Accordingly, we affirm the denial of D.L.'s motion to dismiss the January 6, 2016 petition for commitment under G.L. c. 123, §§ 7 and 8, and find no abuse of the commitment procedure set out in § 12(b).


FOOTNOTES

[Note 1] The record includes only a single page of transcript from the commitment hearing on December 30, 2015. We do not know if or how the suicidal statements identified in the petition for commitment were addressed at the hearing on that petition.

[Note 2] Before signing the § 12(a) application, D.L.'s attending psychiatrist noted these events in D.L.'s medical record, first writing, "I am going to discharge [D.L.] to the nearest ER on a section 12," then striking out the word "discharge" and substituting the word "send." Although D.L. argues that this change demonstrates that D.L. was not "discharged" for the purposes of the statute, we do not give the wording change the same significance.

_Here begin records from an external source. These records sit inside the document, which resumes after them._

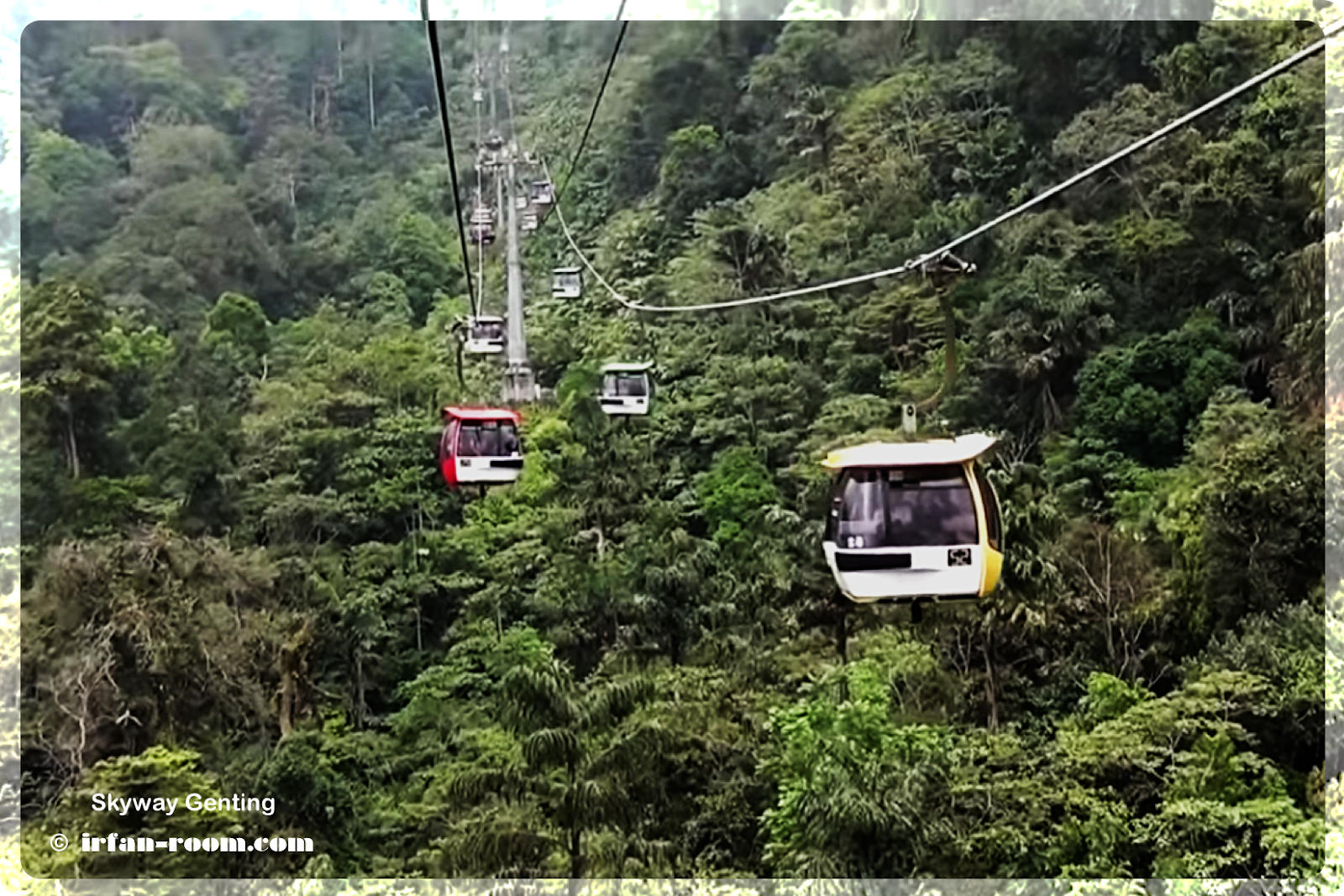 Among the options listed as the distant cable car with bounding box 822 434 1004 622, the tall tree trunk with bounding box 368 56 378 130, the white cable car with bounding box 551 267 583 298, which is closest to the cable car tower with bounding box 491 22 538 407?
the white cable car with bounding box 551 267 583 298

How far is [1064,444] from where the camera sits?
492cm

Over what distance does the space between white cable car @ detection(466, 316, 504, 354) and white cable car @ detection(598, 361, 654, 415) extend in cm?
46

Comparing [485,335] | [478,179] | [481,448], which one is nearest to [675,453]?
[481,448]

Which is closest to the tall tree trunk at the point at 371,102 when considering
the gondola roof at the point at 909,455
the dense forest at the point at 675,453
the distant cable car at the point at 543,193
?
the dense forest at the point at 675,453

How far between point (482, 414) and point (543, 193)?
38.2 inches

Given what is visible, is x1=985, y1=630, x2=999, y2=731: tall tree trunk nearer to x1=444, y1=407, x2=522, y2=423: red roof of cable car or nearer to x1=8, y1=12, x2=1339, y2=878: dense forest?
x1=8, y1=12, x2=1339, y2=878: dense forest

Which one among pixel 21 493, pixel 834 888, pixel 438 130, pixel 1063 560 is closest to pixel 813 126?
pixel 438 130

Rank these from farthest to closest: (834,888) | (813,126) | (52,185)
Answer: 1. (813,126)
2. (52,185)
3. (834,888)

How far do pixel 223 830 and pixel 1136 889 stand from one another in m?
3.27

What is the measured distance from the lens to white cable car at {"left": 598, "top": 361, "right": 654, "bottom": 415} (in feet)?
16.5

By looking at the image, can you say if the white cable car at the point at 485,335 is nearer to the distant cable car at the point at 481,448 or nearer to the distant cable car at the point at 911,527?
the distant cable car at the point at 481,448

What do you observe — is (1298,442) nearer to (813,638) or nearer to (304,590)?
(813,638)

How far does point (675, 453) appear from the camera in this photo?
504cm

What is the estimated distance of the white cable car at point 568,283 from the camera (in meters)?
5.13
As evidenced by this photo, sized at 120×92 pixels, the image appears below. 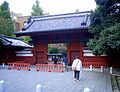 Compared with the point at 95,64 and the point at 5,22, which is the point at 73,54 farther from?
the point at 5,22

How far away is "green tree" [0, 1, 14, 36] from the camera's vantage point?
121 ft

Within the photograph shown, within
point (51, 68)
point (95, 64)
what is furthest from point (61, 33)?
point (51, 68)

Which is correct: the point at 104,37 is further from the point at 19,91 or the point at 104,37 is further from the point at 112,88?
the point at 19,91

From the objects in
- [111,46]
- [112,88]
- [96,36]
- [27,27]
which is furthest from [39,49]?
[112,88]

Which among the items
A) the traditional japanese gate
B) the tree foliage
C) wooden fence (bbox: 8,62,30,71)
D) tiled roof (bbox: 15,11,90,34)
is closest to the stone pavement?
the tree foliage

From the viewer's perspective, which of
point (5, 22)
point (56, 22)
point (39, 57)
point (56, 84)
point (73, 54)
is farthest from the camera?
point (5, 22)

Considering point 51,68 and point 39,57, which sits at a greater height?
point 39,57

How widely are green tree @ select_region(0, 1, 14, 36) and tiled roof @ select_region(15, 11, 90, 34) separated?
284 inches

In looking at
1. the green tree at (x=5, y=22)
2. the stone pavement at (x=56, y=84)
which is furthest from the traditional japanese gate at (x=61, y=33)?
the stone pavement at (x=56, y=84)

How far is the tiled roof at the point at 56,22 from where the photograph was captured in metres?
27.2

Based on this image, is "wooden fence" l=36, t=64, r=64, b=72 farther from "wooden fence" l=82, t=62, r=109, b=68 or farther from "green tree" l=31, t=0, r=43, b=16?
"green tree" l=31, t=0, r=43, b=16

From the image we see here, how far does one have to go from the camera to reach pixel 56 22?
96.0 feet

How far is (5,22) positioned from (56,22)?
1192 centimetres

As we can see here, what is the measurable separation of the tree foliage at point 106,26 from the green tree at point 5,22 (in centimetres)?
2165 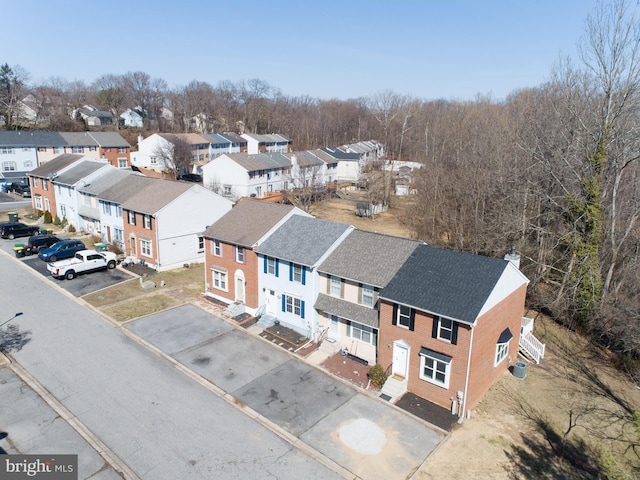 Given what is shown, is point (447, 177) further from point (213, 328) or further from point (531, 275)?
point (213, 328)

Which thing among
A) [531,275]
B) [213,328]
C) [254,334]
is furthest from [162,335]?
[531,275]

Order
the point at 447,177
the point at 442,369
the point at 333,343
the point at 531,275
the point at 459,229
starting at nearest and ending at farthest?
1. the point at 442,369
2. the point at 333,343
3. the point at 531,275
4. the point at 459,229
5. the point at 447,177

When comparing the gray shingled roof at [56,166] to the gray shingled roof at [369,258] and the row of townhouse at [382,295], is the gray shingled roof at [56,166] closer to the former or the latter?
the row of townhouse at [382,295]

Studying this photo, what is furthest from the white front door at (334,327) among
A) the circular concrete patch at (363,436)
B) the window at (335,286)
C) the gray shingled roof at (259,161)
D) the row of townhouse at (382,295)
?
the gray shingled roof at (259,161)

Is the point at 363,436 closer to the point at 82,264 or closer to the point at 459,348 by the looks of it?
the point at 459,348

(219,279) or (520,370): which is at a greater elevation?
(219,279)

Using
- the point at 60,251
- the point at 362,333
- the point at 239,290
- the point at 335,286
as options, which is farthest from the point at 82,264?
the point at 362,333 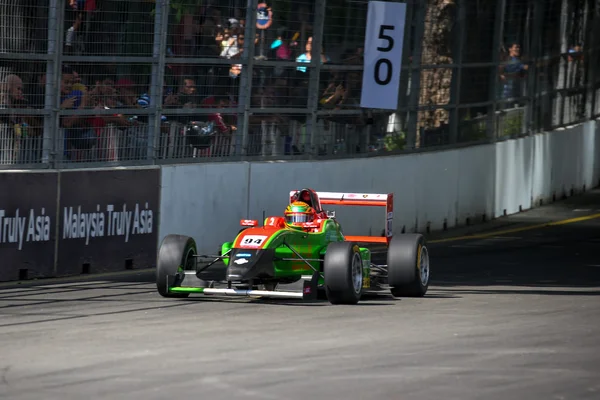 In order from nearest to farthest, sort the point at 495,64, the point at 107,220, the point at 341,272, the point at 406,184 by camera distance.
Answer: the point at 341,272 → the point at 107,220 → the point at 406,184 → the point at 495,64

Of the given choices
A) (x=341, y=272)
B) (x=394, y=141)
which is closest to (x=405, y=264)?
(x=341, y=272)

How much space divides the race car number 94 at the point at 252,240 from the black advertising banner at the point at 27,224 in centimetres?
341

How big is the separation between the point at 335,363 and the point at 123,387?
1769 mm

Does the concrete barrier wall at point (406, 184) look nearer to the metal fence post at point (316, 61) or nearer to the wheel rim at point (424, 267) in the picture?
the metal fence post at point (316, 61)

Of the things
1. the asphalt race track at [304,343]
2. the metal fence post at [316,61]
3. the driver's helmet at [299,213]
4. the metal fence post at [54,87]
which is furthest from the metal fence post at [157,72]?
the driver's helmet at [299,213]

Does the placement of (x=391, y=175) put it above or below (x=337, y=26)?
below

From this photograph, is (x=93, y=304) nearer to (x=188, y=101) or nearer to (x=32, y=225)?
(x=32, y=225)

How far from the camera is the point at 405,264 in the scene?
15273 millimetres

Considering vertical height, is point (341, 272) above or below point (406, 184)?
below

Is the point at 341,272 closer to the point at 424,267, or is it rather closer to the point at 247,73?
the point at 424,267

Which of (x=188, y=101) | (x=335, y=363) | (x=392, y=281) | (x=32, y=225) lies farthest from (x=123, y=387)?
(x=188, y=101)

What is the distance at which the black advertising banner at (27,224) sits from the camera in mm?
16719

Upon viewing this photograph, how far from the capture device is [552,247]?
22.0 meters

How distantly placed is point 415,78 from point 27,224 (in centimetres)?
927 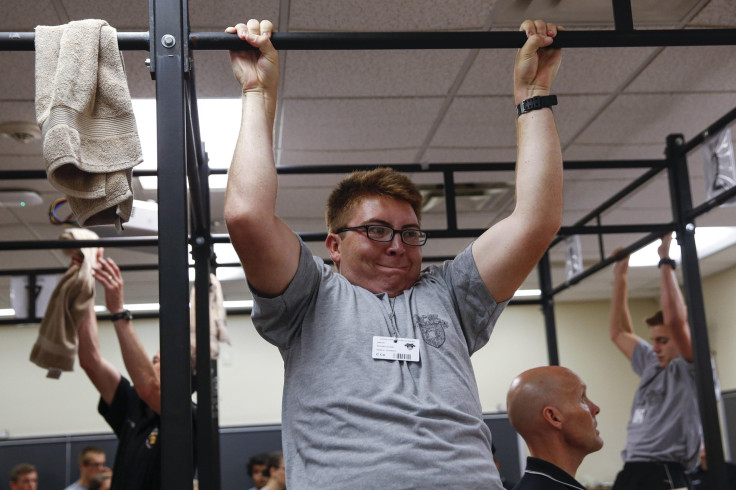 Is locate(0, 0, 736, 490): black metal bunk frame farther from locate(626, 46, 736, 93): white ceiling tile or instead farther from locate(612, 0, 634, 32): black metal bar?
locate(626, 46, 736, 93): white ceiling tile

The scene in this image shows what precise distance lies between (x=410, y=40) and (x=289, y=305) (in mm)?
609

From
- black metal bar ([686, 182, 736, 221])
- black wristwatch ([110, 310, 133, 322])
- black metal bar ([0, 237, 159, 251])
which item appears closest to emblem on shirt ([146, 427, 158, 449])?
black wristwatch ([110, 310, 133, 322])

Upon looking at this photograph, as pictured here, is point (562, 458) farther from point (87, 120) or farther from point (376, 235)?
point (87, 120)

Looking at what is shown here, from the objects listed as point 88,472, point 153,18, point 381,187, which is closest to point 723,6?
point 381,187

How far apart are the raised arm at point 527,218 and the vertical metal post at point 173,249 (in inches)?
22.9

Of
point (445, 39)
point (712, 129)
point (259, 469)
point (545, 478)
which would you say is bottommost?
point (259, 469)

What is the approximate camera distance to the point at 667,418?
4.49 meters

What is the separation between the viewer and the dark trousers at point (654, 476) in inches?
171

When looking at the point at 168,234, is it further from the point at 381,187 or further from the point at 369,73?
the point at 369,73

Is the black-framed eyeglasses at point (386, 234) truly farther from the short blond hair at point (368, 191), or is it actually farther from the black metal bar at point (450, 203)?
the black metal bar at point (450, 203)

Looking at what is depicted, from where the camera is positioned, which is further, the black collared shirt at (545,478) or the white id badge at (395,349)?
the black collared shirt at (545,478)

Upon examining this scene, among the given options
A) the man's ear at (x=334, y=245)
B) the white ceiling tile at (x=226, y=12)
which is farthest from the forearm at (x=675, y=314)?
the man's ear at (x=334, y=245)

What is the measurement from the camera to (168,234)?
4.93 feet

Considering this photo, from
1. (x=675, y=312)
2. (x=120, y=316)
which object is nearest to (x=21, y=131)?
(x=120, y=316) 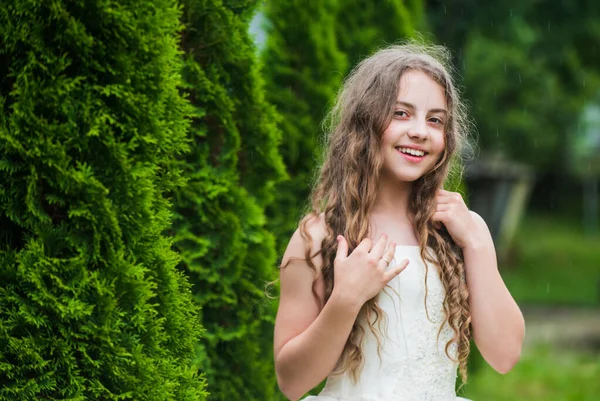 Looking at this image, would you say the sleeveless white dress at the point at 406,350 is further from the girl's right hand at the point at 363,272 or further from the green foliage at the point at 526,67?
the green foliage at the point at 526,67

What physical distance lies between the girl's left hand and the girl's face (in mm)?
146

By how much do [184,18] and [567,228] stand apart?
33421 mm

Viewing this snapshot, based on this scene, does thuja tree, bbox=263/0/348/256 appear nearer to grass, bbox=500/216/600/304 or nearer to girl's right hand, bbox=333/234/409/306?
girl's right hand, bbox=333/234/409/306

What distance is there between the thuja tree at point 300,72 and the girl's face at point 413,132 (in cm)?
288

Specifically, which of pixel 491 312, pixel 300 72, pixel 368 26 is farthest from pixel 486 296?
pixel 368 26

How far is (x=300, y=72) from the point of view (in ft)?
18.8

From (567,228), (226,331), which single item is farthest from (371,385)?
(567,228)

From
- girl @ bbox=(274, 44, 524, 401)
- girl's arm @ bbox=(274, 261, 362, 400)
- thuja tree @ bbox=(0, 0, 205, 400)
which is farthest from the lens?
girl @ bbox=(274, 44, 524, 401)

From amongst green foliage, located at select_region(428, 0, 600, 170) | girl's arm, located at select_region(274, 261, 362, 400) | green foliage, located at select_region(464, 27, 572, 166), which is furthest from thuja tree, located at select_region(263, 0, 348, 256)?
green foliage, located at select_region(464, 27, 572, 166)

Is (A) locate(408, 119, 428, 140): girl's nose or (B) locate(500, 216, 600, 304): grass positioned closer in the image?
(A) locate(408, 119, 428, 140): girl's nose

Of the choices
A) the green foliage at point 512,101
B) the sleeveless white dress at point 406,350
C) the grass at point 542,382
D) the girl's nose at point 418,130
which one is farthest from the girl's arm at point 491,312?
the green foliage at point 512,101

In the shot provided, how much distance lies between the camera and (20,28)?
226cm

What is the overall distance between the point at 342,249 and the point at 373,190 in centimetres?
30

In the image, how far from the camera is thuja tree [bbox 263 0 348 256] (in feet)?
18.3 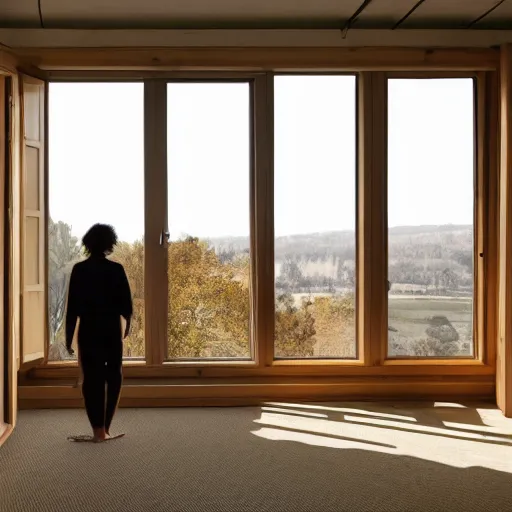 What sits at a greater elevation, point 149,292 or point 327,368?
point 149,292

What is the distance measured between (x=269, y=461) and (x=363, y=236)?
7.76 feet

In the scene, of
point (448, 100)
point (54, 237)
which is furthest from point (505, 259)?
point (54, 237)

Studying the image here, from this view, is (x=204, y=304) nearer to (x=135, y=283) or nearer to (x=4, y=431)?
(x=135, y=283)

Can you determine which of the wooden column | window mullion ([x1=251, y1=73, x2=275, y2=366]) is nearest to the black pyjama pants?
window mullion ([x1=251, y1=73, x2=275, y2=366])

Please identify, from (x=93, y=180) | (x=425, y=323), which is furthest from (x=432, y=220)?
(x=93, y=180)

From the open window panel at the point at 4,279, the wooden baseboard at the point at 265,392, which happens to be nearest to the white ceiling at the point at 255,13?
the open window panel at the point at 4,279

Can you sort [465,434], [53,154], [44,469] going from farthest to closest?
[53,154] < [465,434] < [44,469]

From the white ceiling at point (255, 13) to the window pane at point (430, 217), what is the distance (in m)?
0.52

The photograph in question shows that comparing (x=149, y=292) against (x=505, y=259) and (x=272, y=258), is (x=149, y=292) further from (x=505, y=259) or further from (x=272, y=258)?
(x=505, y=259)

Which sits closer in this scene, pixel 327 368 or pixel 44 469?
pixel 44 469

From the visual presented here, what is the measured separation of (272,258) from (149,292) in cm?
100

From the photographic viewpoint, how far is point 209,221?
20.7ft

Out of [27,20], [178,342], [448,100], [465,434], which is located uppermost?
[27,20]

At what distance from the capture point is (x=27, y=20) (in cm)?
592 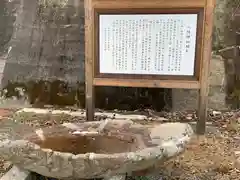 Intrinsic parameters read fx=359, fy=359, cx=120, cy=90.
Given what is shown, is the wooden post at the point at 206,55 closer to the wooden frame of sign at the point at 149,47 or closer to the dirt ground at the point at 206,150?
the wooden frame of sign at the point at 149,47

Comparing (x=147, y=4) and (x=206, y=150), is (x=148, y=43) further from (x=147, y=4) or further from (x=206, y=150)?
(x=206, y=150)

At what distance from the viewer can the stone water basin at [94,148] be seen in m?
2.92

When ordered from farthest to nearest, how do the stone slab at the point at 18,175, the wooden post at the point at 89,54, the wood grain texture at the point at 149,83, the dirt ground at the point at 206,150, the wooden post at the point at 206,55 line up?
the wooden post at the point at 89,54, the wood grain texture at the point at 149,83, the wooden post at the point at 206,55, the dirt ground at the point at 206,150, the stone slab at the point at 18,175

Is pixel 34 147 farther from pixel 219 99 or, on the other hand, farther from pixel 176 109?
pixel 219 99

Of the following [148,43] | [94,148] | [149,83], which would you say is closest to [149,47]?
[148,43]

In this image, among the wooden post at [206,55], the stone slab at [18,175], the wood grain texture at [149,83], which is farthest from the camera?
the wood grain texture at [149,83]

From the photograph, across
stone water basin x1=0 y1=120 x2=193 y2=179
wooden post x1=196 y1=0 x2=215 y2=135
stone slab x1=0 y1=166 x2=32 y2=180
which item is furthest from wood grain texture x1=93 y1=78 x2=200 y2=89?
stone slab x1=0 y1=166 x2=32 y2=180

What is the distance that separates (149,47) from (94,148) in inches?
81.3

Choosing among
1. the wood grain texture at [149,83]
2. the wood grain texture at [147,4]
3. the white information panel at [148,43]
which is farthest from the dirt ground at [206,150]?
the wood grain texture at [147,4]

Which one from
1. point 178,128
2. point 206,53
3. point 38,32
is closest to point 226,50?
point 206,53

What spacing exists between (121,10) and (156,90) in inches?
62.7

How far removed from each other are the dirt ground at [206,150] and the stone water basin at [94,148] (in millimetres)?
474

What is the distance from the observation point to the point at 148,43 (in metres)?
4.96

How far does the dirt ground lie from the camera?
378 cm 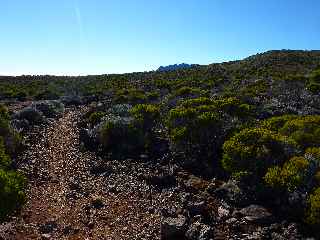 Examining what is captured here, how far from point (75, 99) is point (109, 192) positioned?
30.4 metres

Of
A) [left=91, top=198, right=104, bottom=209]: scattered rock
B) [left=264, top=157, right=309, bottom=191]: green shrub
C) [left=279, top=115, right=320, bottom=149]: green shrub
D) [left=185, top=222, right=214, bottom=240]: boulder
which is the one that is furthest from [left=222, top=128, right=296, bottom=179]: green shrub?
[left=91, top=198, right=104, bottom=209]: scattered rock

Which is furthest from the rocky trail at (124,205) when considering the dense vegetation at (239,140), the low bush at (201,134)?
the low bush at (201,134)

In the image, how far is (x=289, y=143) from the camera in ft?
60.5

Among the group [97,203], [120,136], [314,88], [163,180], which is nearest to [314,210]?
[163,180]

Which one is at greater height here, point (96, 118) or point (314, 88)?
→ point (314, 88)

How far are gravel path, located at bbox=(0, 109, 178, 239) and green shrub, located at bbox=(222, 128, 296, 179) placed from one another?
286cm

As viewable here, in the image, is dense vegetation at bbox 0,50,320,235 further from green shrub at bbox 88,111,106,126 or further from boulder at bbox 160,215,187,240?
boulder at bbox 160,215,187,240

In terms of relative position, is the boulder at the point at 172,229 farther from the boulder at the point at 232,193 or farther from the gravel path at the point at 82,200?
the boulder at the point at 232,193

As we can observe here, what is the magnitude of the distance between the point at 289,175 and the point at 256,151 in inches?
91.0

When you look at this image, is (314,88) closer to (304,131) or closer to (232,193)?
(304,131)

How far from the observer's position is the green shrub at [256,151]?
17609mm

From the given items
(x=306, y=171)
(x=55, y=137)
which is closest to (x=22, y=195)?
(x=306, y=171)

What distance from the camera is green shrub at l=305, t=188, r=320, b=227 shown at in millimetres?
13859

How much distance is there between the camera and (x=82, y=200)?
1919 cm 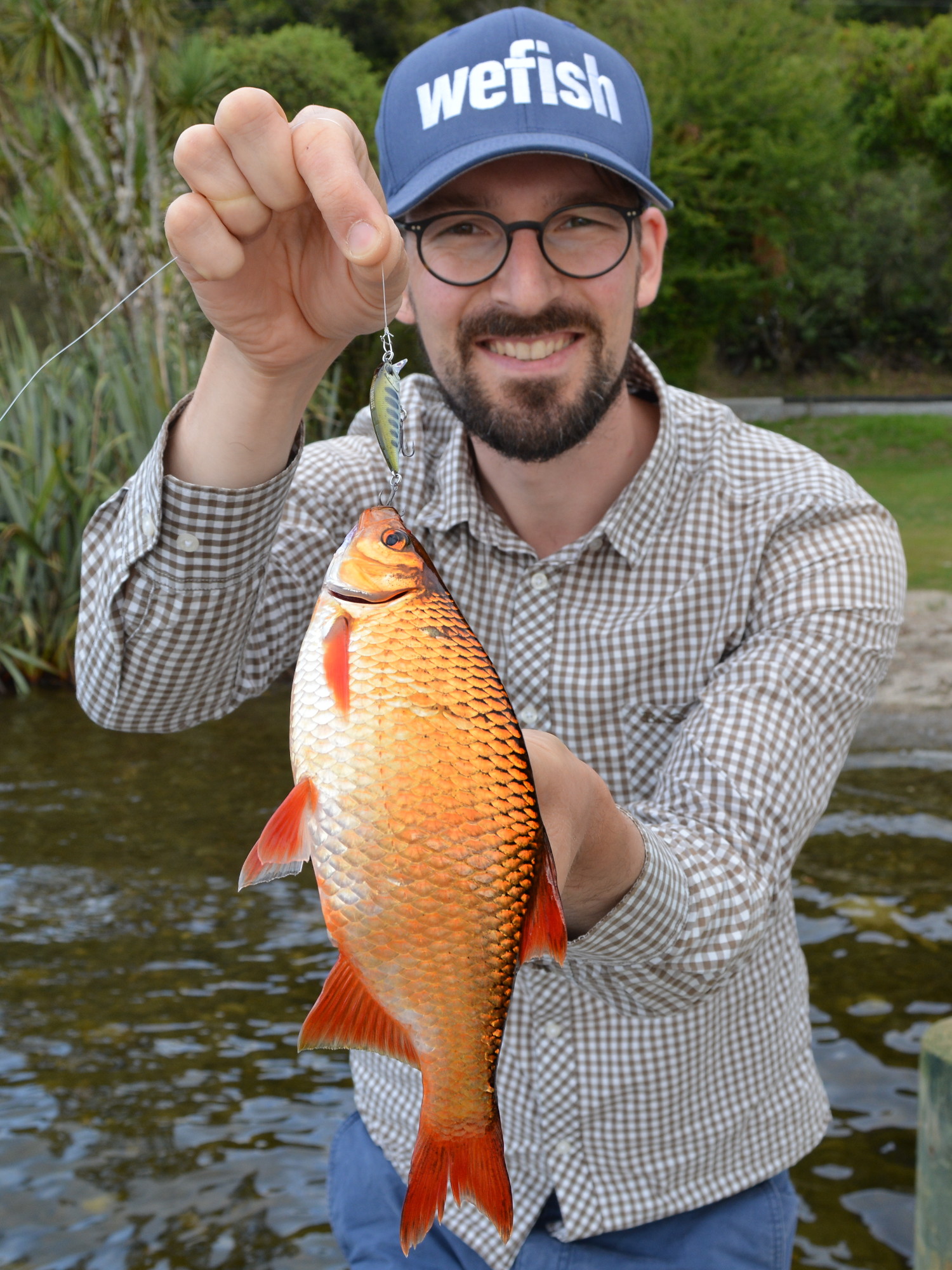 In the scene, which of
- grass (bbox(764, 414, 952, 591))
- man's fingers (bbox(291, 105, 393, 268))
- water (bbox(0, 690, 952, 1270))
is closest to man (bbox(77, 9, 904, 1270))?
man's fingers (bbox(291, 105, 393, 268))

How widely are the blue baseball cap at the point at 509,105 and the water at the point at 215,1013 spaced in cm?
333

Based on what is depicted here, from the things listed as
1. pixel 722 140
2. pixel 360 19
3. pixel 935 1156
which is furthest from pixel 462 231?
pixel 360 19

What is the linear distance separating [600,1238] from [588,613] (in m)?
1.22

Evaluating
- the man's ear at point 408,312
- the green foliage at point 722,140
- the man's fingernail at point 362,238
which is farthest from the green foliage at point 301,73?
the man's fingernail at point 362,238

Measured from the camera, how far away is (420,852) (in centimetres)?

[Note 3] The communication between Pembroke and South Shore in connection with the G.L. c. 123, § 12(a) petition was of a type contemplated by the statute: "Whenever practicable, prior to transporting [a person subject to a § 12(a) petition for temporary commitment], the applicant shall telephone or otherwise communicate with a facility to describe the circumstances and known clinical history and to determine whether the facility is the proper facility to receive such person and also to give notice of any restraint to be used and to determine whether such restraint is necessary." § 12(a).

[Note 4] We gather this information from the "ESP Adult Comprehensive Assessment" form ("ESP Assessment") completed in connection with D.L.'s evaluation at South Shore on December 30, 2015, and attached to Pembroke's brief as Exhibit 1. After the parties briefed this matter, and before oral argument on the case, D.L. moved to strike Exhibit 1 of Pembroke's brief and all factual assertions based on that exhibit, arguing that Exhibit 1 is a supplemental appendix that Pembroke was not authorized to file without seeking and obtaining this Division's advance permission. Exhibit 1 is a complete copy of the nine-page ESP Assessment. Page one of that document is included in the record appendix incorporated into D.L.'s brief. It is clear from the transcript of the January 13, 2016 hearing on D.L.'s motion to dismiss the then-pending request for commitment under G.L. c. 123, §§ 7 and 8 that the court had reviewed, in addition to the first page of the form, at least page six of that document, and that the court relied on the information included in that document in denying D.L.'s motion to dismiss the petition for commitment. To the extent that the complete copy of the ESP Assessment document constitutes a supplemental appendix, we use our discretion to relieve Pembroke of its obligation to seek advance leave to file it. See Dist./Mun. Cts. R. A. D. A. 2 ("In the interest of expediting decision, or for other good cause shown, the Appellate Division may, except as otherwise provided in Rules 4(c) and 14(b), suspend the requirements or provisions of any of these rules in a particular case on application of a party or on its own motion and may order proceedings in accordance with its direction. Such a suspension may be on reasonable terms."); Rule 18(a) ("The fact that parts of the record are not included in the appendix shall not prevent the parties or the Appellate Division from relying on such parts, provided that the Appellate Division may decline to permit the parties to refer to portions of the record omitted from the appendix unless leave be granted prior to argument."). The motion to strike Exhibit 1 is denied.

[Note 5] The issue of jurisdiction is not an obstacle in this case, where Pembroke met the statutory deadlines at each stage of the commitment process.